* [EXERCISE DESCRIPTION]
Return, word for word, the line that contains "maine coon breed" and every line after it through the end of the records.

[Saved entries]

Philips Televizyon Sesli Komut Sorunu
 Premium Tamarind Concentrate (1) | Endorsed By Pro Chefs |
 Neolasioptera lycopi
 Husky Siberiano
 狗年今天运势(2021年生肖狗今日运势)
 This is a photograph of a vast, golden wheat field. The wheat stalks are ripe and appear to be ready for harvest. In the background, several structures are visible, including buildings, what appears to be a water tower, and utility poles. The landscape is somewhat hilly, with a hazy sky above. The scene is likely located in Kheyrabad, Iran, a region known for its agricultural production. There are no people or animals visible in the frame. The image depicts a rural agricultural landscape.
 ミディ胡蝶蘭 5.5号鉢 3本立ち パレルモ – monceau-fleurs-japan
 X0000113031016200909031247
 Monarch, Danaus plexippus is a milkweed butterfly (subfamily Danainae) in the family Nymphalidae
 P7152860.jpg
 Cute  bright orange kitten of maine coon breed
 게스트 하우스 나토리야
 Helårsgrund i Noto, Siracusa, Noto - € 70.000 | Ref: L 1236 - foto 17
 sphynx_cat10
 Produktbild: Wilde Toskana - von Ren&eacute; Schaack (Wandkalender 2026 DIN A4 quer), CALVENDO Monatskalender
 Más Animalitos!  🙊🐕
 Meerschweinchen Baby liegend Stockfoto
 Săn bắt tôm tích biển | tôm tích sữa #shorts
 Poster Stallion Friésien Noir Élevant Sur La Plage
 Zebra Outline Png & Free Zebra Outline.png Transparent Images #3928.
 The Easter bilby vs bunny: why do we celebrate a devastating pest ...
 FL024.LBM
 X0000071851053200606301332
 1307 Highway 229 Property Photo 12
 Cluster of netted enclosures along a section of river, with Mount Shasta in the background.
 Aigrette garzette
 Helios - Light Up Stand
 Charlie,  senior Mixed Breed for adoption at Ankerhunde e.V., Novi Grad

* [REPLY]
 Cute  bright orange kitten of maine coon breed
 게스트 하우스 나토리야
 Helårsgrund i Noto, Siracusa, Noto - € 70.000 | Ref: L 1236 - foto 17
 sphynx_cat10
 Produktbild: Wilde Toskana - von Ren&eacute; Schaack (Wandkalender 2026 DIN A4 quer), CALVENDO Monatskalender
 Más Animalitos!  🙊🐕
 Meerschweinchen Baby liegend Stockfoto
 Săn bắt tôm tích biển | tôm tích sữa #shorts
 Poster Stallion Friésien Noir Élevant Sur La Plage
 Zebra Outline Png & Free Zebra Outline.png Transparent Images #3928.
 The Easter bilby vs bunny: why do we celebrate a devastating pest ...
 FL024.LBM
 X0000071851053200606301332
 1307 Highway 229 Property Photo 12
 Cluster of netted enclosures along a section of river, with Mount Shasta in the background.
 Aigrette garzette
 Helios - Light Up Stand
 Charlie,  senior Mixed Breed for adoption at Ankerhunde e.V., Novi Grad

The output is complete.